View en-route the Dolmo La Pass |
I choose not to elaborate the battle I fought with every step I took. For the first time in my life my body had failed me. My sense of devotion was gone. I was no longer chanting the mantra that I had received in my meditations* to be chanted during the kora. I was angry at Shiva (Auspiciousness) and Shakti (Divine Energy) for I was convinced they had forsaken me. There were others like me who were struggling on foot. But the locals were indefatigable. Old, almost ancient tibetan women in their 60’s and 70’s passed me by carrying children on their back, giving me their wrinkly smiles of encouragement. Some patted me on my back, some said words of encouragement in their dialect, others dug into their bag and gave me herbs which they said would help me.
One step after the other, I finally reached the summit of my journey - The Dolmo la Pass, 19500 ft above sea level. As I crashed upon the nearby inviting rock, I closed my eyes and let go of my body and mind and became nothingness. Let me state in no uncertain words that I was not meditating or praying. I was purely tired.
Moments passed and then it happened.
In the quietness of my being, I felt an unmistakable presence of a pure energy. Like a sharp ray of light in a dark cave, I heard its intuitive message of light beam into my being uninvited, and its unspoken message became part of my deeper understanding.

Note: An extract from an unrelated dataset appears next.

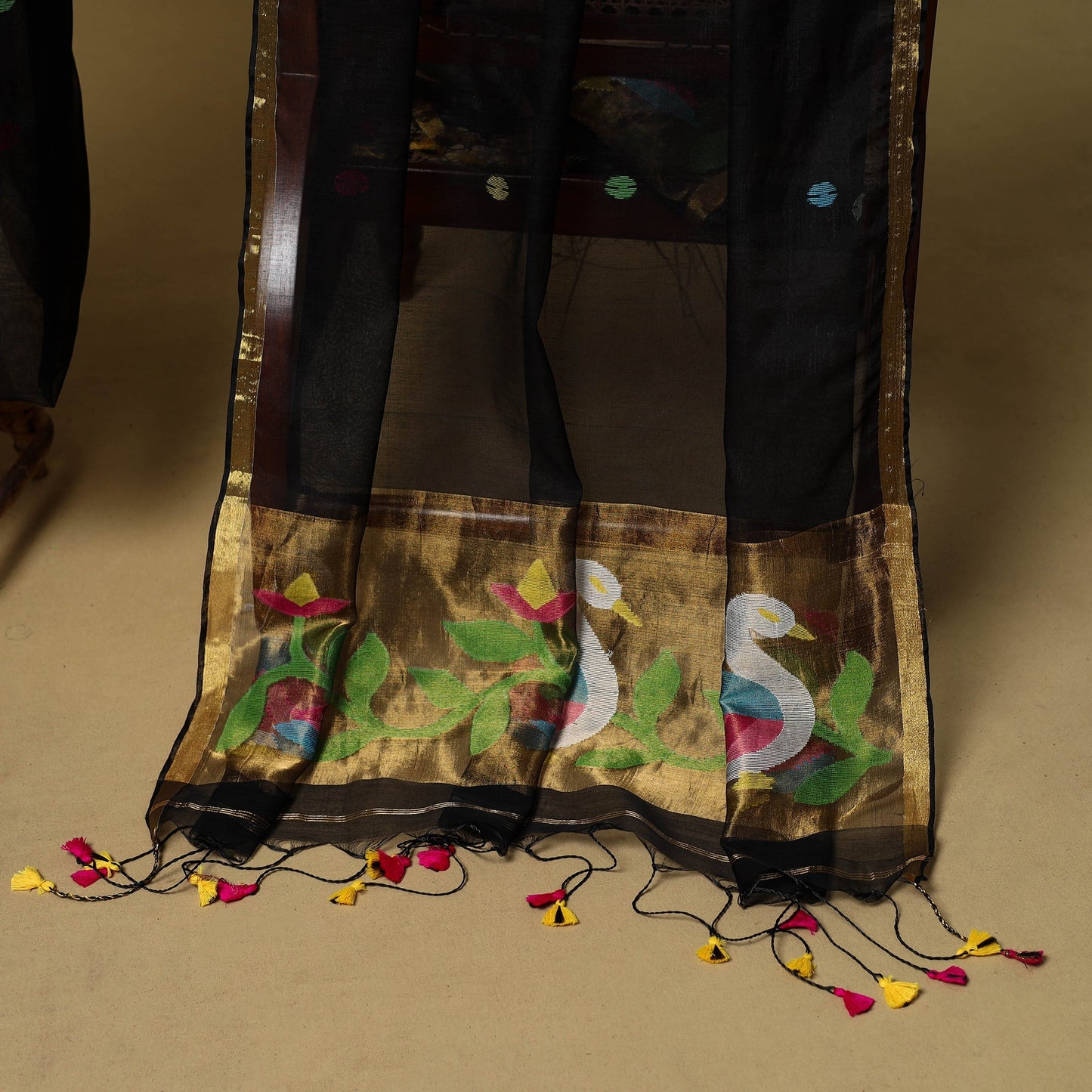 2pc handloom silk cotton unstitched phulia jamdani dress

It conveyed to the effect:
“You have been summoned, thousands of miles away from your home to these parts to impress upon you a single truth. The Kailash you always sought, is within you. The Shiva and Shakti principle is within you, and within every single human you encounter in life. If you assimilate and make this truth your own, then know that you have received from Kailash the highest one can receive and know your journey to be a success.”
The vision of a golden Kailash flashed in my inner being and impressed itself on me.
I opened my eyes. My tiredness prevented any elation. I became withdrawn as I got up and continued my descent from the peak into the second part of my journey. No longer did I focus on my tired limbs and walked robot like one step after the other in what seemed like an endless journey towards my base. My mind went over and over what I had experienced as I checked and rechecked if I had been hallucinating. But my mind seemed to be in a coma and refused to think let alone create such a profound experience. Above all I had felt the presence within. It was vibrating in my being.
Any trace of doubts that I had, would be removed that night when I was blessed with a vision of Shiva - Shakti.
To be continued..
*Note : Prior to my kora I was dwelling on what mantra to chant through the kora - the sacred - Om Namah Shivaya, or the shorter - Shivoham, both of which carried the same meaning. In one of my meditations, in my hotel room in Nepal I surrendered this query to God hoping I will receive His will in some sign or form. To my surprise, I received an instant reply. It wasnt either of the mantras, it was a third mantra - Samastha Loka Sukhino Bhavantu. This was what I was suppose to chant during the kora.
I wasn't up for it.. i protested that this was my first trip to Kailash. "Let this trip be about You and me, lets keep the lokas out of it. I can chant that anytime else." But the clarity with which this mantra persisted told me that this was divine will. An understanding came that God, the lokas and I were not separate. Let my blessing be a blessing for all and so I gratefully accepted this as my mantra for the Pradakshina.